Dürener Zeitung vom 21. 8. 1950

„Freie Fahrt“ von Aachen nach Walheim
Feierliche Einweihung der Eisenbahnbrücke bei Kornelimünster - Wann folgt die Vennbahn?

E.M. Kornelimünster. (Eig Bericht.)
„Die Einweihung der Eisenbahnbrücke über die Itter hier bei Kornelimünster ist eine bedeutsamer Schritt in der Regulierung der Verkehrsverhältnisse im Grenzland. Jetzt sind die technischen Möglichkeiten geschaffen, einen regelmäßigen Zugverkehr von Aachen nach Walheim wieder aufzunehmen.
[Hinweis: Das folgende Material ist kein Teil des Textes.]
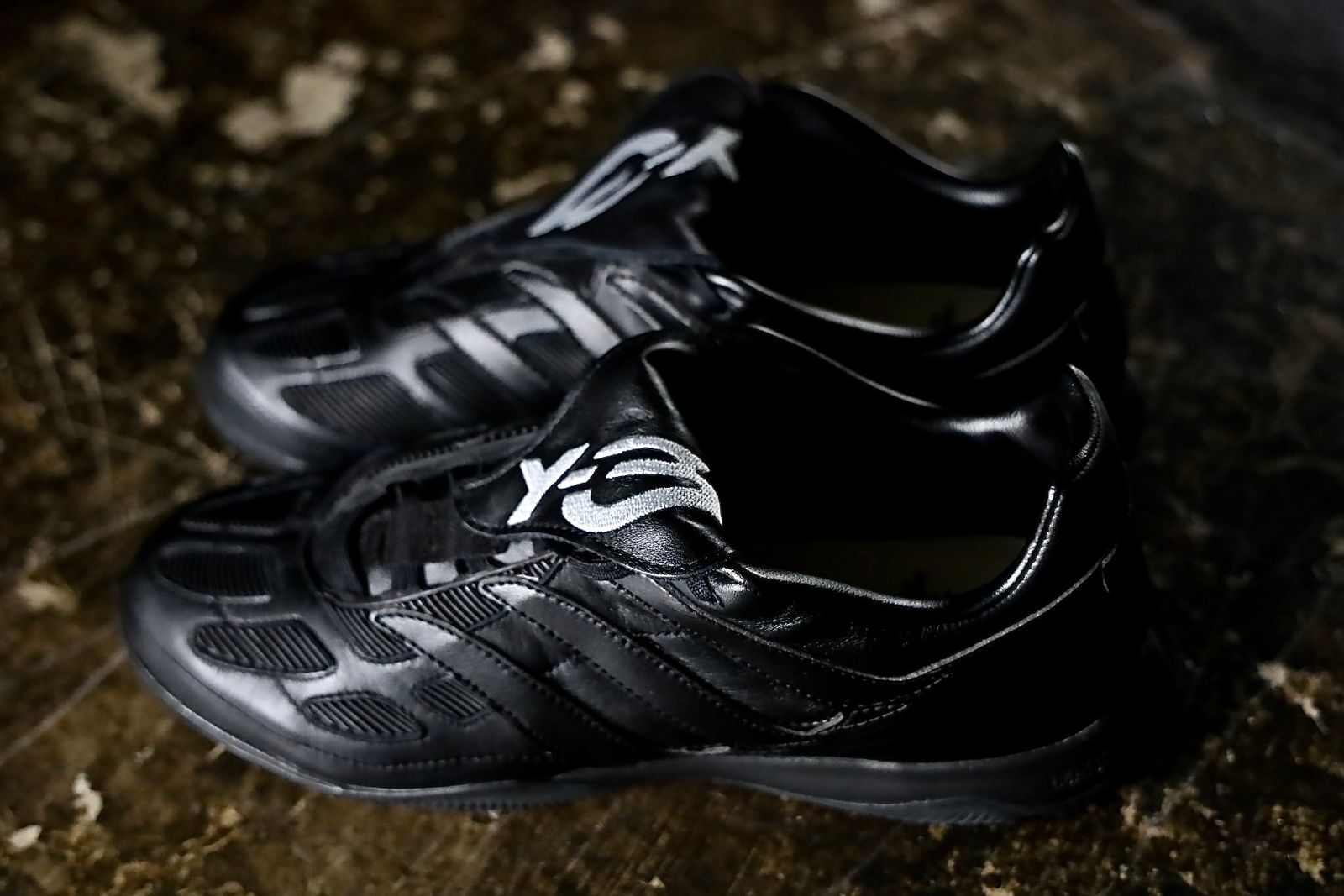 ワイスリー  Y-3 PREDATOR PRECISION(HP4653)BLACK☆新作発売！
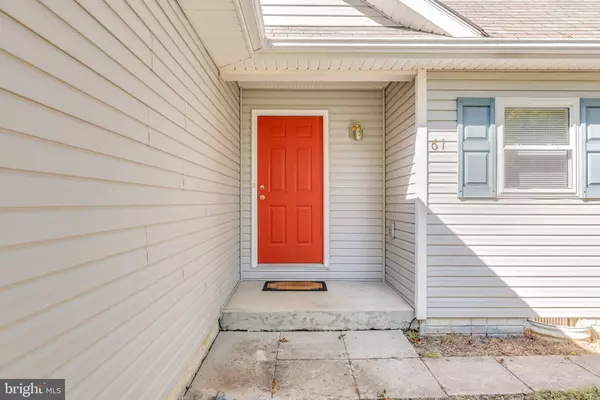 Charles Town, WV 25414,61 DERBY PL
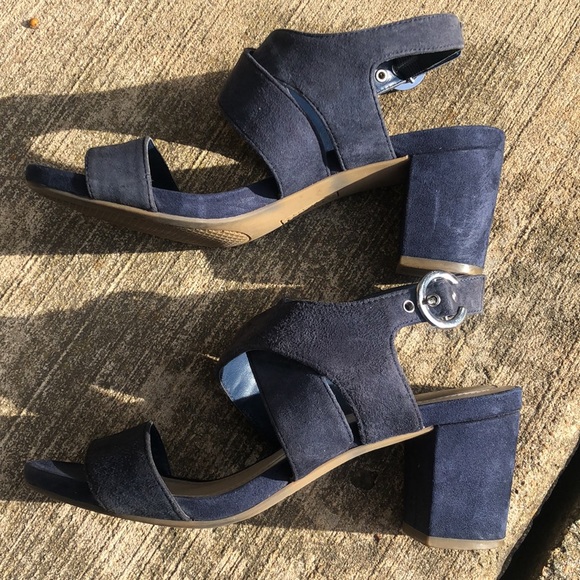 Women’s Sz 7M Alfani Shoes Step N Flex Navy Blue Sandal Regann - Picture 4 of 7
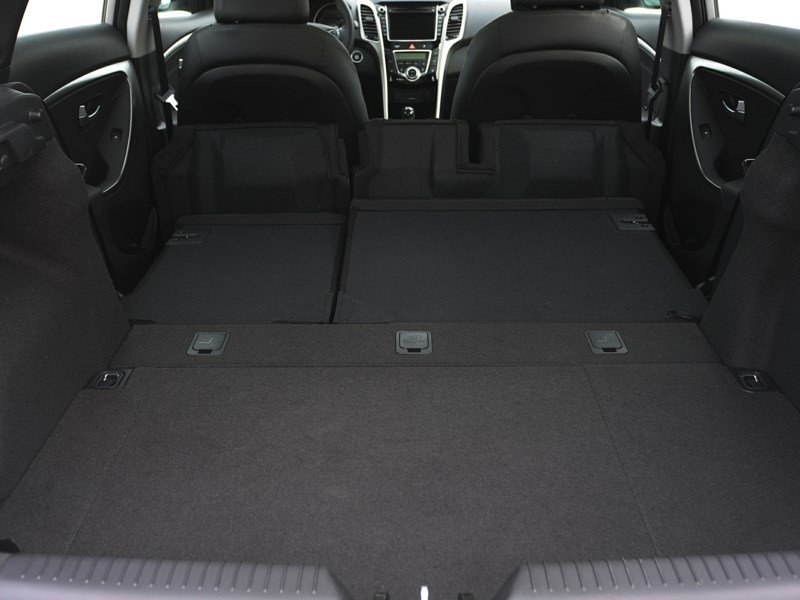 2013 Hyundai Elantra GT L (M6) OEM Shot 7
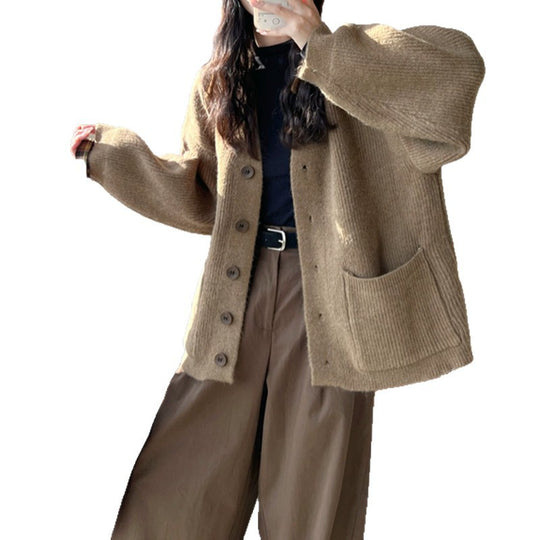 Damen Gemütliche Strickjacke mit großen Taschen und Knopfdetail EB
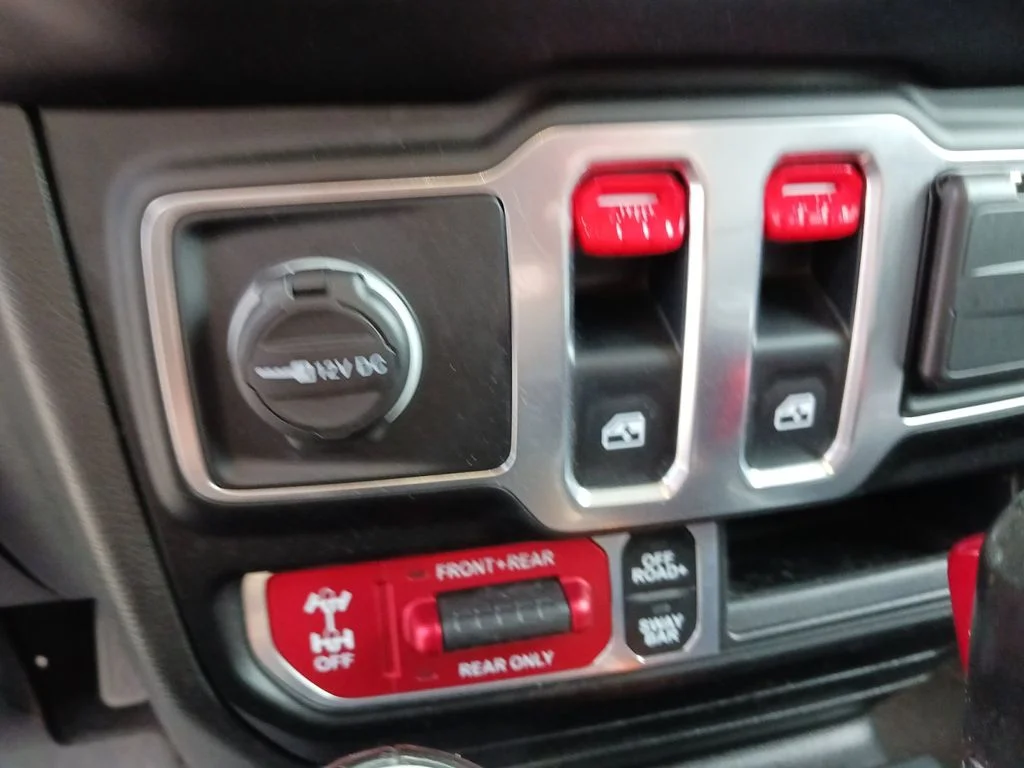 Used 2021 Gray Jeep Rubicon image 25
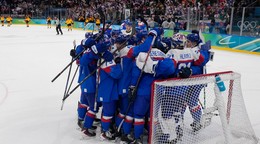 Hokejisti Slovenska oslavujú postup do semifinále.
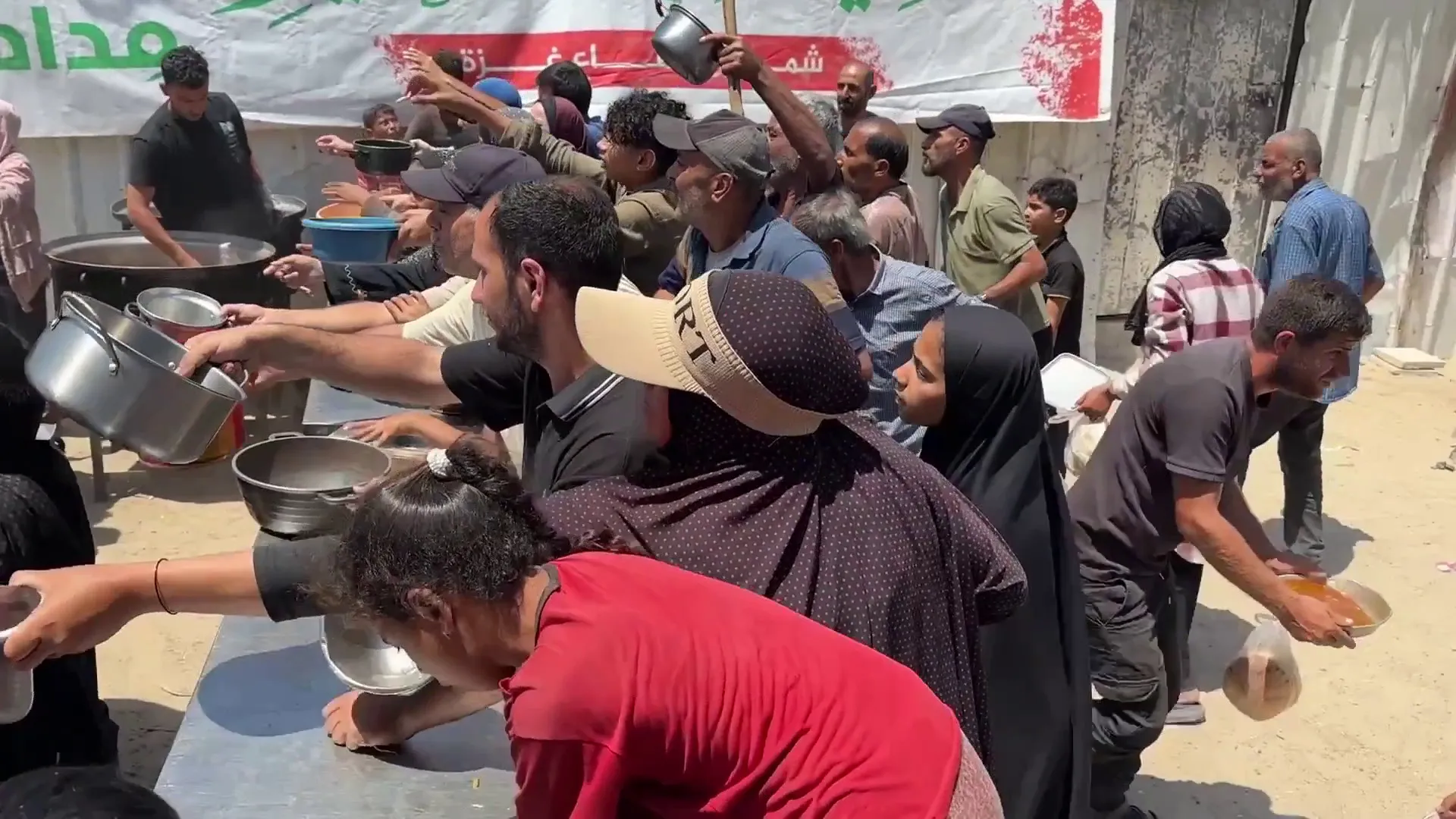 أزمة الغذاء في غزة: تزايد أعداد النازحين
Ich bin davon überzeugt, daß die Bundesregierung in ihren Verhandlungen mit der belgischen Staatseisenbahn ebenso die augenblicklich noch bestehenden Hemmungen und Schwierigkeiten überbrücken wird. Damit die Vennbahn bald wieder für den deutschen Reise- und Güterzugverkehr benutzt werden kann.“

Mit diesen Worten wies der als Vertreter des Ministerpräsidenten und Verkehrsministers von Nordrhein-Westfalen Karl Arnold erschienene Ministerialdirektor Dr. Brandt auf die bedeutsame Stunde für Kornelimünster und die Bevölkerung der Landkreise Aachen und Monschau hin.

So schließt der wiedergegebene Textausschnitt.